## Records supplied

--------------------

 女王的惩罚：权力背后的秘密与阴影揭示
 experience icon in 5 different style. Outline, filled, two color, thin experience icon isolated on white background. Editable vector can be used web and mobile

--------------------

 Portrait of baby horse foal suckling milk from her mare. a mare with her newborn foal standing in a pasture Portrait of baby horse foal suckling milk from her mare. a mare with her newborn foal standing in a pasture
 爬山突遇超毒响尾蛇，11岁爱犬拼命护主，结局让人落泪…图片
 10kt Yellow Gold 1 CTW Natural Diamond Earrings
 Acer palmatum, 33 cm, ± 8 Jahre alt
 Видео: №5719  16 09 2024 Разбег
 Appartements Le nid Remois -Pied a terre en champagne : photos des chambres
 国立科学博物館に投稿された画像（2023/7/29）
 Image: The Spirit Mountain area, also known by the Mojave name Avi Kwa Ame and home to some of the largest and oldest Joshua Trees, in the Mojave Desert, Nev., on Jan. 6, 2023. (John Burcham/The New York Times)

--------------------

## Action item
Could you restate word for word the lines above, from the one that contains "爬山突遇超毒响尾蛇，11岁爱犬拼命护主，结局让人落泪…图片" through the one that contains "国立科学博物館に投稿された画像（2023/7/29）", and no others?

## Task result
 爬山突遇超毒响尾蛇，11岁爱犬拼命护主，结局让人落泪…图片
 10kt Yellow Gold 1 CTW Natural Diamond Earrings
 Acer palmatum, 33 cm, ± 8 Jahre alt
 Видео: №5719  16 09 2024 Разбег
 Appartements Le nid Remois -Pied a terre en champagne : photos des chambres
 国立科学博物館に投稿された画像（2023/7/29）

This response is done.